The bad: It’s blurry! It has a lower quantization precision at the same quantizer (compared to 8×8 transform); combined with decimation, this results in lots of uncoded blocks, yet another trap for RD. It’s terrible at coding textured areas, especially when the details in the texture are larger than the transform itself. It also gets deblocked more than 8×8. While adaptive transform is good news, the fact that 4×4 was the default (and 8×8 added later) is likely an artifact of the entire specification process being done while optimizing for CIF resolution videos.
The good: Biprediction is at the core of any modern video format: B-frames vastly improve compression efficiency, especially in lower-motion scenes. Biprediction singlehandedly makes possible the high number of skip blocks in B-frames in most sane-bitrate H.264 encodes.
The bad: It’s bilinear interpolation again, so it’s blurry, which acts as a nice RD trap yet again. This makes biprediction get overused even in non-constant areas of the image, such as film grain, ensuring blurry grain in B-frames and clear grain in P-frames (nicely alternating as such).
One should note of course that B-frames and thus biprediction are not at all unique to H.264; this has been an ongoing problem for many years and tends to be exacerbated by lower bitrates.
h/v/dc intra prediction modes
The good: These modes are critical to the intra prediction system. DC is similar to the old-style intra coding before spatial intra prediction, and the latter two are very useful for straight edges. These three tend to be overall the most common intra prediction modes.

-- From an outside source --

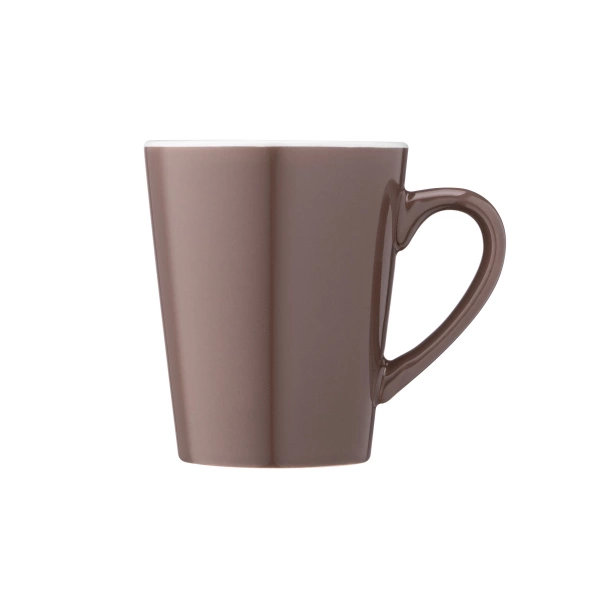 Чашка Ardesto Mario, 240 мл, коричневая, керамика (AR3480BR) фото 3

The bad: They retain energy terribly. The other intra prediction modes (planar and ddl/ddr/vr/hd/vl/hu) effectively predict frequencies that are difficult to code with a DCT, thus increasing visual energy in the resulting reconstructed image. But h/v/dc don’t really do this. Furthermore, because of how the mode prediction system works, they tend to be the cheapest modes to signal (in terms of bits).
Of course, x264 effectively uses all of these features without most of the aforementioned problems. Developers of other encoders: take note.